Yeah, this is a day late.  Lots going on this week, so I thought I could make an exception…

Which, by coincidence, is what I wanted to blabber on about this week.

If you hang out with enough writers (or musicians, or filmmakers, or other artists), either online or in the real world, you’ve probably heard a story about someone who broke the rules and got away with it.  And Wakko didn’t just break the rules, mind you… he shattered them.  Every one of them.  They had to write new rules for him to break.  All those people who tell you do this, don’t do that—he ignored them all.  And that’s how he got where he is today, with his fame and fortune and living the life we all dream about

People like these tend to get sort of a mythology around them in their respective circles.  Which is kind of sad, because these folks—unintentionally or not—tend to make things a lot harder for the folks coming after them.  Once I buy into the idea of being the exception, my chances of success drop drastically.

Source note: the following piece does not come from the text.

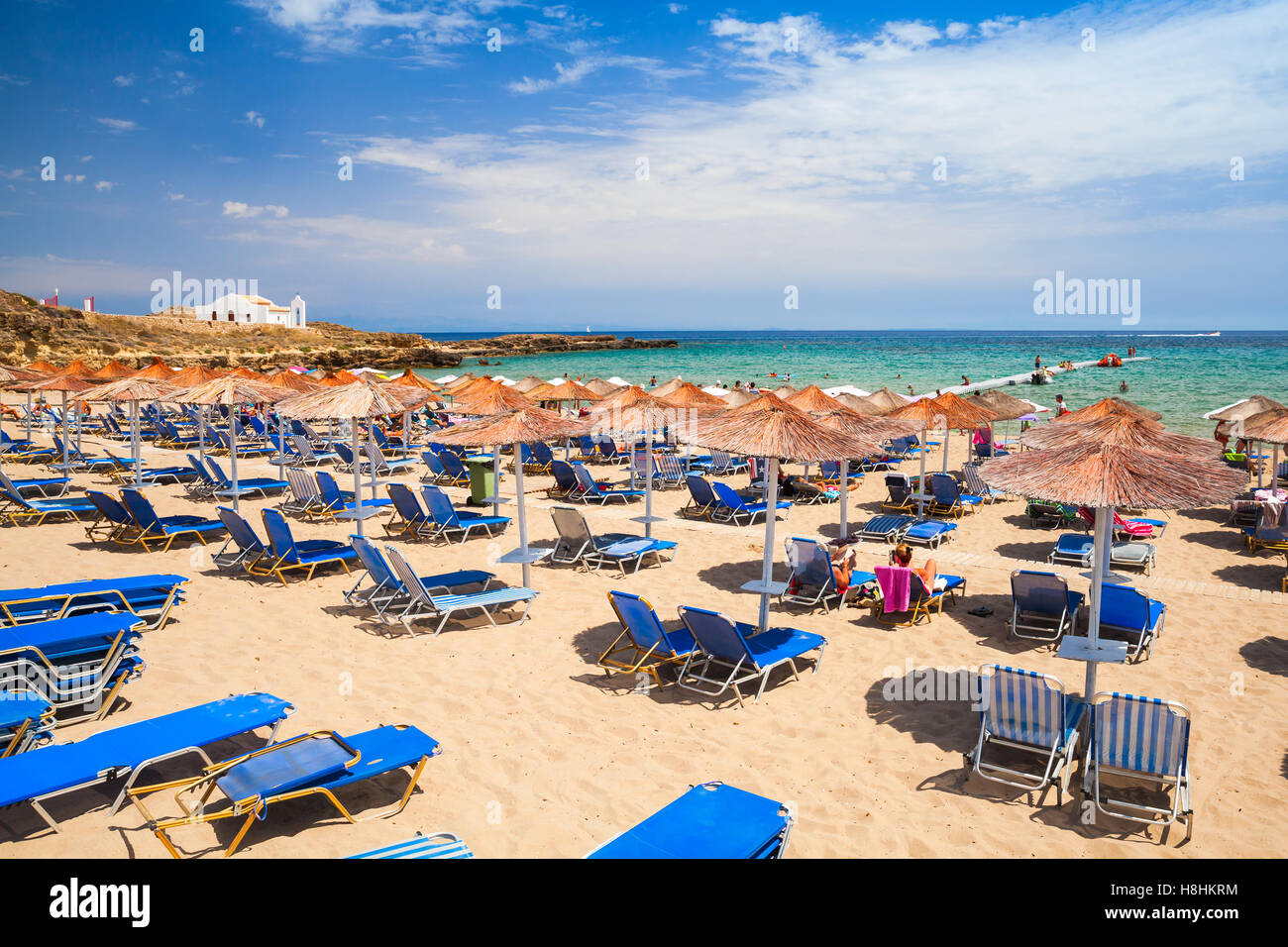 Paysage de plage d''Agios Nikolaos, l'île grecque de Zante. C'est une plage populaire de Vassilikos, Zante, Grèce Banque D'Images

Let me give you an example…

Most of you have probably heard of Cormac McCarthy.  He’s a brilliant writer who’s done some wonderful books like The Road and Blood Meridian, among others.  He’s also famous for using almost no punctuation, sometimes to the point that his books become difficult to read.  Seriously, you’d think the guy got beat up  by a pair of quotation marks every day after school when he was a kid.

Now, McCarthy decided a while ago that he wanted to write a screenplay.  But, being Cormac McCarthy, he didn’t bother to learn how to write one.  He just started throwing dialogue and settings down on the page in whatever format looked right to him.  And several accounts say the script was…well, a complete mess.  Naturally, though, when word got out that he’d written a script, Hollywood went nuts.  The script was grabbed, Ridley Scott directed, and it’s coming out in just a few weeks ( The Counselor).

Now, a lot of would-be screenwriters who believe in ignoring the rules saw this as validation.  How can anyone say formatting matters after a format-free script sells and becomes a major motion picture?  It’s undeniable proof that sort of thing just isn’t important.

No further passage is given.